15 years ago by in Articoli, Democrazia - Diritti, Qua e là - consigli di lettura Tagged:

di Gloria Buffo, Marisa Nicchi

La Consulta, con la pronuncia di oggi  ha dichiarato illegittimo il “cuore” della legge 40 sulla fecondazione assistita. I punti contestati riguardano il limite di tre embrioni in un unico impianto e il loro trasferimento nell’utero della donna a prescindere dalla sua salute.
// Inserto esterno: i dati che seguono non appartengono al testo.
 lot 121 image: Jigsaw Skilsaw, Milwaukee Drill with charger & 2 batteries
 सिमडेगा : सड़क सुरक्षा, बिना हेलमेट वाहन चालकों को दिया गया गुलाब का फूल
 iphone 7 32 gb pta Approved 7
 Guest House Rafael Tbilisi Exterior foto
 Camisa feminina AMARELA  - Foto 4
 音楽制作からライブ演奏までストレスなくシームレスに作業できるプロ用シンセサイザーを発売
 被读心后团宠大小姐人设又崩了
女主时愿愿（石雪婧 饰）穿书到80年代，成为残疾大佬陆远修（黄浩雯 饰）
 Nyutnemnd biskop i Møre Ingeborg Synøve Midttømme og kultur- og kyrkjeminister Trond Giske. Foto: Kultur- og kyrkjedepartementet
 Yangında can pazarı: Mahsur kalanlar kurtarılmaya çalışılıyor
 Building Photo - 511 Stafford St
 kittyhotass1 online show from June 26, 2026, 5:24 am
A sollevare le questioni di legittimità davanti alla Corte erano stati il tar del Lazio e il tribunale di Firenze, rilevando la violazione degli articoli della Costituzione inerenti i principi di uguaglianza, del diritto alla salute e del rispetto della dignità umana. Siamo di fronte alla conferma che la crociata per riportaci al Medio Evo, iniziata con la legge 40 e proseguita con la vicenda del testamento biologico, è destinata a fallire. E’ vero che il referendum abrogativo non ha raggiunto il quorum, Ma a tutti i pavidi che da questo fatto hanno tratto la conclusione sbagliata che queste battaglie non si devono fare, ricordiamo che le ragioni della contrarietà a quella legge erano e restano così forti da aver trovato infine,conforto nel verdetto della Consulta.
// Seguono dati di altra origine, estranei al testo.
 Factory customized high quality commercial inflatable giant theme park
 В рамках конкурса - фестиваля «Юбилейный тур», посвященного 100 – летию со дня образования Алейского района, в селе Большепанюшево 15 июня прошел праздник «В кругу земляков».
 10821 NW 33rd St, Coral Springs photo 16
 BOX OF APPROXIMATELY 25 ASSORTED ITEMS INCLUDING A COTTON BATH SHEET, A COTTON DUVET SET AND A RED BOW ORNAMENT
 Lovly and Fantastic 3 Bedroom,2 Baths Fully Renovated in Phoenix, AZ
Oggi tutti gli sforzi vanno concentrati sul testamento biologico. A differenza della fecondazione assistita, si tratta di un tema sentito da tutti. E, buona parte degli italiani non comprende e non accetta che sul confine tra la vita e la morte debbano essere Calderoli, Gasparri o i teodem del PD a  decidere. Anche chi crede considera un’intrusione inaccettabile che le decisioni in questa delicata e privatissima materia  vengano prese da una maggioranza parlamentare piegate ai dettami della gerarchia vaticana.

Per tutte queste ragioni dobbiamo insistere: il testo obbrobrioso approvato dal Senato non deve diventare legge. Ce la possiamo fare. Il principio che in queste difficili scelte ciascuno/a  sia responsabile di decidere secondo la propria coscienza e che lo Stato faccia un passo indietro è largamente condiviso. Ha un significato umano prima ancora che essere il fondamento di uno Stato democratico e di un paese civile. Nessun partito, compreso in PD può aggirare le proprie responsabilità di scelta celandosi dietro la libertà di coscienza dei propri parlamentari  che sono comunque chiamati a garantirla a tutti i cittadini.  Facciamo sentire la nostra voce, firmiamo la petizione, diamo forza a Sinistra e Libertà che vuole rappresentare il progetto politico di garantire laicità dello Stato, autodeterminazione a cominciare da quella femminile, nuovi diritti  civili.